--- START ---
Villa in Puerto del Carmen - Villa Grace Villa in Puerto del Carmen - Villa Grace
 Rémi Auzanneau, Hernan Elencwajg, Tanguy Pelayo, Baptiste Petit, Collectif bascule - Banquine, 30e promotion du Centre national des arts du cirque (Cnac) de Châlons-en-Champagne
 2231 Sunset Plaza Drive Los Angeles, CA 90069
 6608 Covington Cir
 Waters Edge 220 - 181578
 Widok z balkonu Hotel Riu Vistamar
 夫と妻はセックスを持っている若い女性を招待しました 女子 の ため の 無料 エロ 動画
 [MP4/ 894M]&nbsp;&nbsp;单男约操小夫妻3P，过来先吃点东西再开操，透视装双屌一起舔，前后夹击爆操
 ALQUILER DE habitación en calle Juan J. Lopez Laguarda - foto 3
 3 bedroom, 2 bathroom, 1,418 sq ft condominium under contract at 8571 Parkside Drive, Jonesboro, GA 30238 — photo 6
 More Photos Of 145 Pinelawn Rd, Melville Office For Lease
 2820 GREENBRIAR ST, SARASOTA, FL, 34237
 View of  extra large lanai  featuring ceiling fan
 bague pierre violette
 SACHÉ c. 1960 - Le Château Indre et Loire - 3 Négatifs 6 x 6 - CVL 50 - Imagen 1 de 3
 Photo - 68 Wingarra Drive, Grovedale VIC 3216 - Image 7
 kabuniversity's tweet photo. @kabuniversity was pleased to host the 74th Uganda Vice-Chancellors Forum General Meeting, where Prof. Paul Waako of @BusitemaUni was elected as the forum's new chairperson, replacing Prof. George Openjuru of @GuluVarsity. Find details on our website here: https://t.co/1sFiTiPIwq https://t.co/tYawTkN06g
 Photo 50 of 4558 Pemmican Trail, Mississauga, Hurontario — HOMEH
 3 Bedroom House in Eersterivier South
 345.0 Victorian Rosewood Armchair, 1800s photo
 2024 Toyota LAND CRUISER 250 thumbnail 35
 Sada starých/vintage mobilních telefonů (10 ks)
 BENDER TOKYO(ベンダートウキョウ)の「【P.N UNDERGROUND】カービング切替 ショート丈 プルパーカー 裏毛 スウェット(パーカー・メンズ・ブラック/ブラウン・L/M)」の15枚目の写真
--- END ---
§ **WORK ORDER**
Give back the records above exactly, limited to the lines between the one holding "2820 GREENBRIAR ST, SARASOTA, FL, 34237" and the one holding "Photo - 68 Wingarra", inclusive.

§ **RESPONSE AREA**
 2820 GREENBRIAR ST, SARASOTA, FL, 34237
 View of  extra large lanai  featuring ceiling fan
 bague pierre violette
 SACHÉ c. 1960 - Le Château Indre et Loire - 3 Négatifs 6 x 6 - CVL 50 - Imagen 1 de 3
 Photo - 68 Wingarra Drive, Grovedale VIC 3216 - Image 7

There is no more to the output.